Exercise instructions: Retype the records below exactly as they appear, but leave out any pictures.

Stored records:
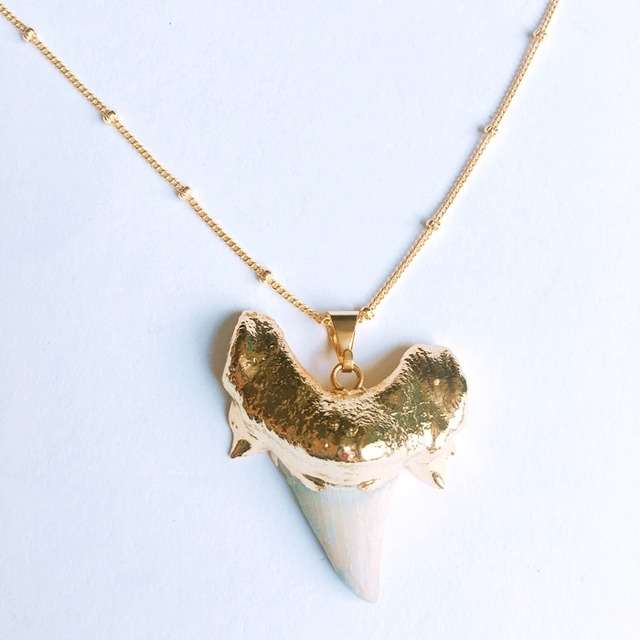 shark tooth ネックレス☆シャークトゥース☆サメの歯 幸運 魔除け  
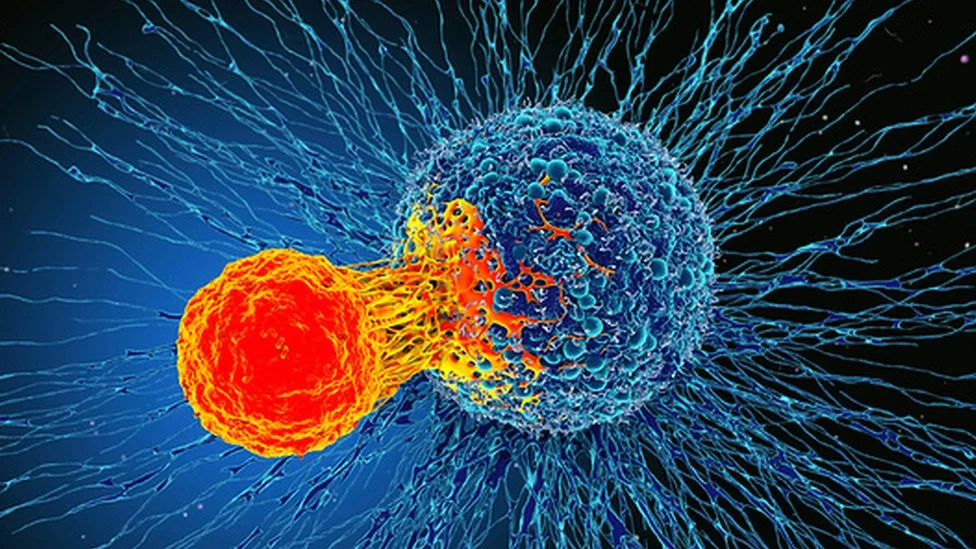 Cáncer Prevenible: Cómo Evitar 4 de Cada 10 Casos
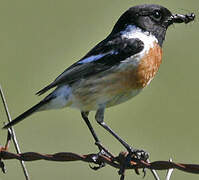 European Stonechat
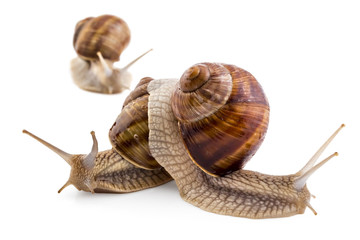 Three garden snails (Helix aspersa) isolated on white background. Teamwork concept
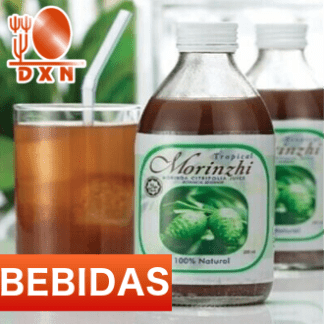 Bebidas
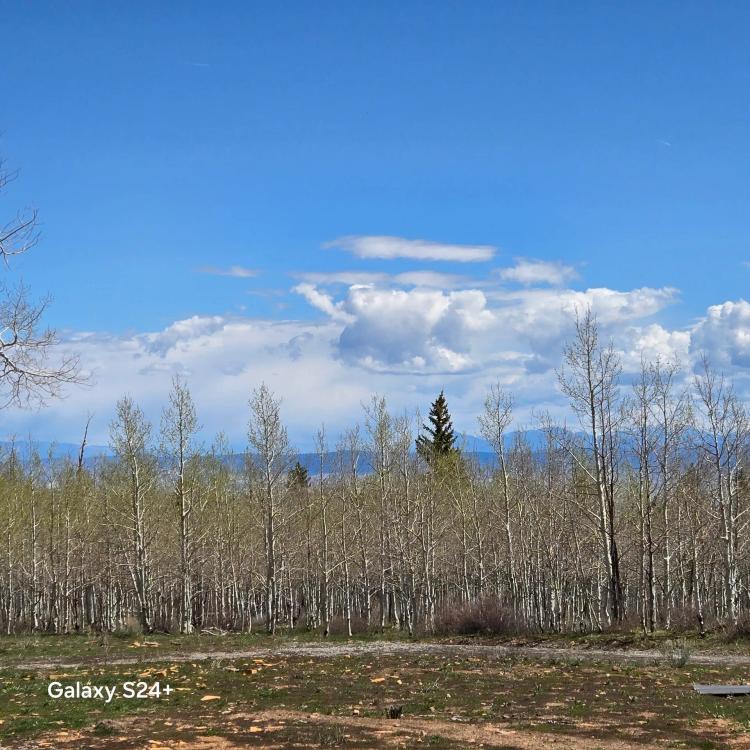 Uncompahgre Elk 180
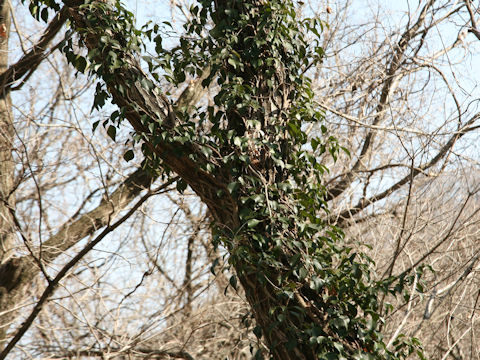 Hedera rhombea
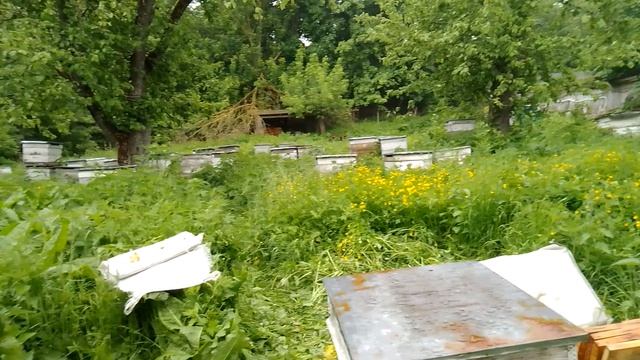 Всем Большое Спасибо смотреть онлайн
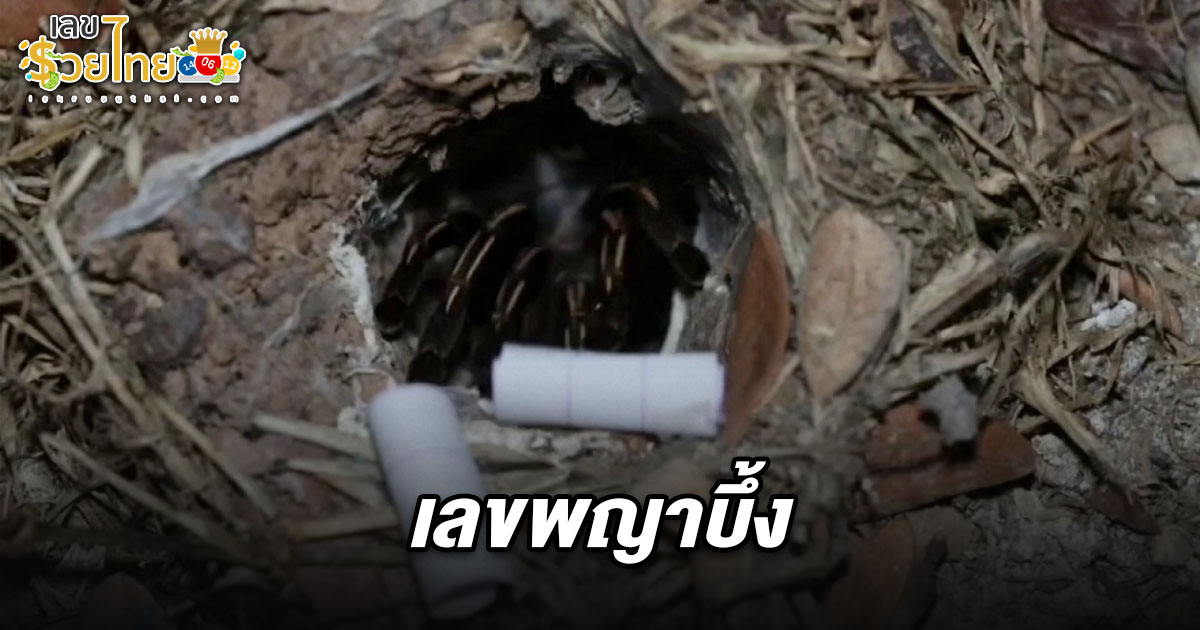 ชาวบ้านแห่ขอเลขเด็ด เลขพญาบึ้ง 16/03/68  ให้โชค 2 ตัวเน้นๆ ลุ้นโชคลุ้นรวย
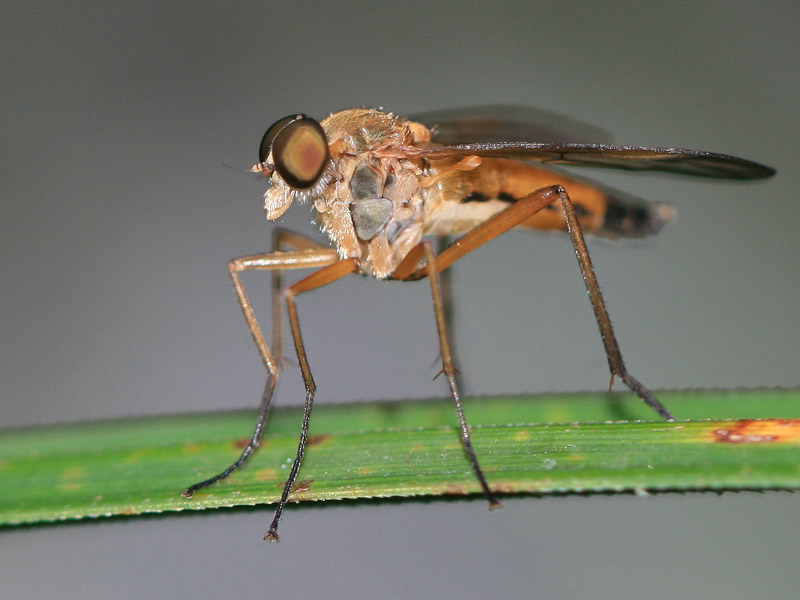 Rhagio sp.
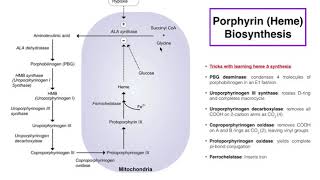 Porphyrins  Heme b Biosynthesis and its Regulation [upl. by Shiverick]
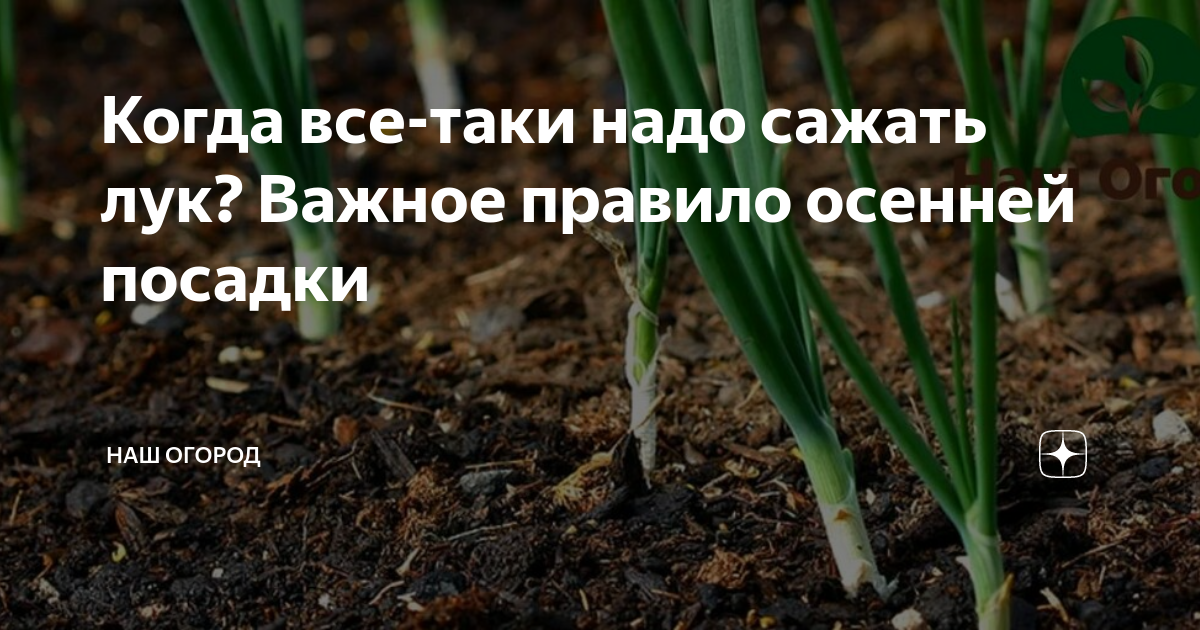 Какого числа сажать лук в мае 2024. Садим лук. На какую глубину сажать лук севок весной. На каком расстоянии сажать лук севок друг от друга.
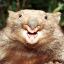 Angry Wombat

Expected answer:
 shark tooth ネックレス☆シャークトゥース☆サメの歯 幸運 魔除け  
 Cáncer Prevenible: Cómo Evitar 4 de Cada 10 Casos
 European Stonechat
 Three garden snails (Helix aspersa) isolated on white background. Teamwork concept
 Bebidas
 Uncompahgre Elk 180
 Hedera rhombea
 Всем Большое Спасибо смотреть онлайн
 ชาวบ้านแห่ขอเลขเด็ด เลขพญาบึ้ง 16/03/68  ให้โชค 2 ตัวเน้นๆ ลุ้นโชคลุ้นรวย
 Rhagio sp.
 Porphyrins  Heme b Biosynthesis and its Regulation [upl. by Shiverick]
 Какого числа сажать лук в мае 2024. Садим лук. На какую глубину сажать лук севок весной. На каком расстоянии сажать лук севок друг от друга.
 Angry Wombat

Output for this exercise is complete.